A semiconductor device in which a first semiconductor element (1) having electrodes on both sides and a second semiconductor element (2) having electrodes on both sides are connected in series,
Said first semiconductor element (1);
While sandwiching the first semiconductor element (1), a pair of heat radiating portions (made of metal, each connected to each electrode of the first semiconductor element (1) and functioning as a heat radiating member of the first semiconductor element (1)) 3a, 5a)
A first structure having a first connection part (3b) made of metal provided protruding from one heat dissipation part (3a) in the pair of heat dissipation parts (3a, 5a);
Said second semiconductor element (2);
While sandwiching the second semiconductor element (2), a pair of heat dissipating parts made of metal connected to the respective electrodes of the second semiconductor element (2) and functioning as heat dissipating members of the second semiconductor element (2) ( 4a, 6a)

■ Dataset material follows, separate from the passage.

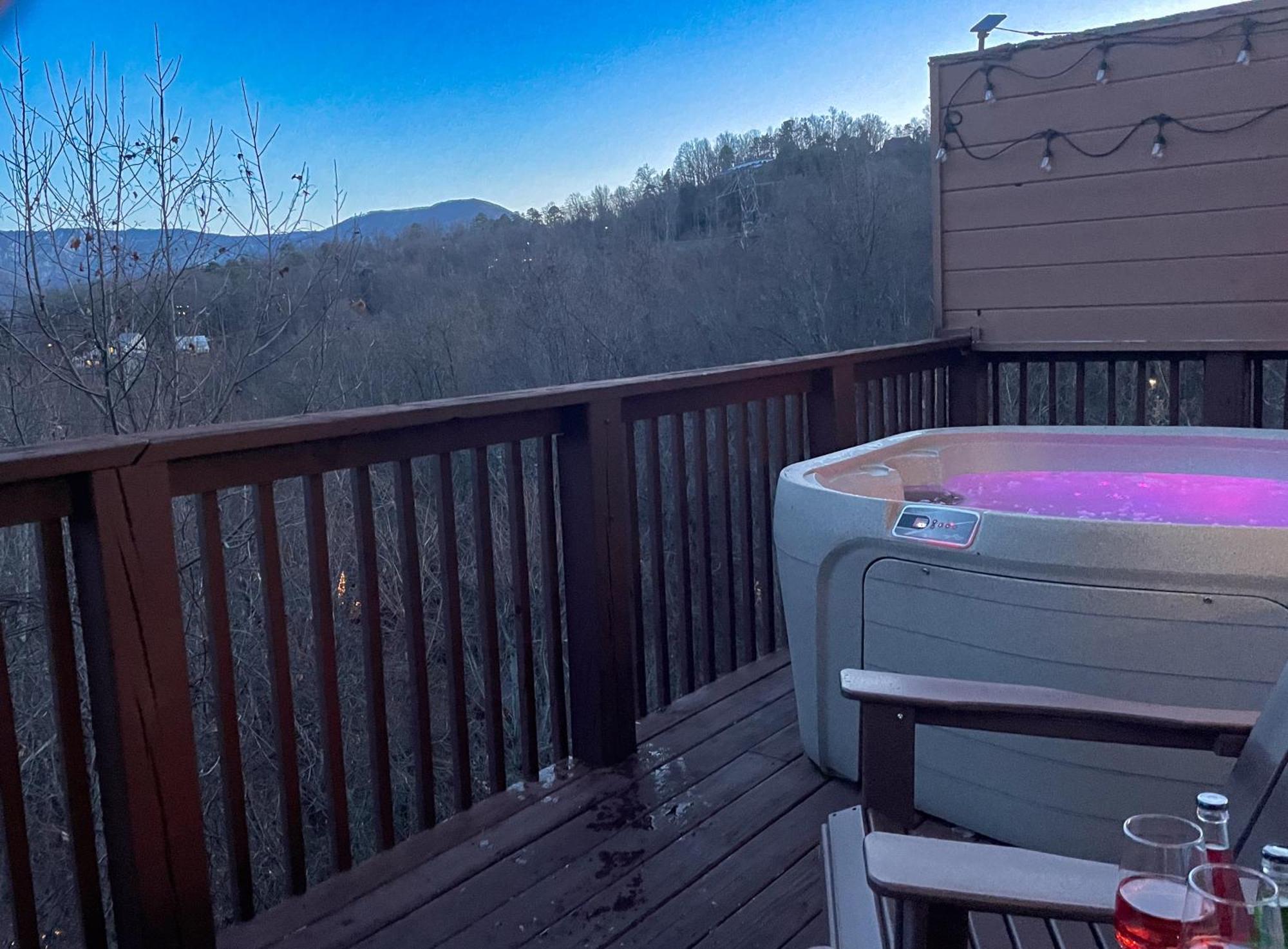 Heavenly View - Bear Themed Cabin, Hottub, Dog-Friendly, Near แกตลิงเบิร์ก ภายนอก รูปภาพ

A second structure having a second connection part (6b) made of metal provided protruding from one heat dissipation part (6a) in the pair of heat dissipation parts (4a, 6a);
A mold resin (10) that integrally molds the first structure and the second structure;
Said 1st structure and said 2nd structure are the lamination direction of said 1st semiconductor element (1) and a pair of said heat dissipation part (3a, 5a), said 2nd semiconductor element (2), and a pair of The stacking direction with the heat dissipating part (4a, 6a) is arranged in parallel, and one side part of the pair of heat dissipating parts (3a, 5a) is connected to each other and a virtual plane along the stacking direction and the pair of heat dissipating The one side part in a part (4a, 6a) is connected and the virtual plane which follows a lamination direction is arranged facing,
The first connection portion (3b) and the second connection portion (6b) are electrically connected outside the region sandwiched between the virtual planes of the first structure and the second structure, and A semiconductor device embedded in the mold resin (10). A first block body (7) made of metal provided between one electrode of the first semiconductor element (1) and the heat dissipating part (3a);
A second block body (8) made of a metal provided between one electrode of the second semiconductor element (2) and the heat dissipation part (4a),
The first block body (7) and the heat dissipation part (3a), the second block body (8) and the heat dissipation part (4a), the first connection part (3b) and the second connection part (6b). Are connected by conductive connection members (91e, 91f, 91g) made of the same material.   The thickness of at least one of said 1st connection part (33b) and said 2nd connection part (63b) is thinner than the said thermal radiation part (33a, 53a, 43a, 63a), The Claim 1 or 2 characterized by the above-mentioned. The semiconductor device described. A first external part made of metal and connected to one heat dissipating part (5a) of the pair of heat dissipating parts (3a, 5a) and partly exposed to the outside of the mold resin (10) A connection terminal (5b);
A second external part made of metal and connected to one heat dissipating part (4a) of the pair of heat dissipating parts (4a, 6a) and partly exposed to the outside of the mold resin (10) A connection terminal (4c);
A third external body made of metal, connected to one heat radiating portion (6a) of the pair of heat radiating portions (4a, 6a) and partially exposed to the outside of the mold resin (10). The semiconductor device according to claim 1, further comprising a connection terminal.   The thickness of the first connection part (32b) and the second connection part (62b) is such that the first external connection terminal (52b), the second external connection terminal (42c), and the third external connection terminal (62c). The semiconductor device according to claim 4, wherein the semiconductor device is thicker.   6. The semiconductor device according to claim 4, wherein the second connection portion (61b) is provided in a part of the third external connection terminal (61c). It is made of metal and is connected to the first semiconductor element (1) without passing through the pair of heat radiating portions (3a, 5a), and a part thereof is exposed to the outside of the mold resin (10). A fourth external connection terminal (11),
It is made of metal and is connected to the second semiconductor element (2) without going through the pair of heat radiating portions (4a, 6a), and a part thereof is exposed to the outside of the mold resin (10). A fifth external connection terminal (12),
The fourth external connection terminal (11) and the fifth external connection terminal (12) are exposed in the same direction from the mold resin (10), and one side portion of the fourth external connection terminal (11) is formed. A virtual plane along the stacking direction and a virtual plane along the stacking direction passing through one side of the fifth external connection terminal (12) are arranged to face each other.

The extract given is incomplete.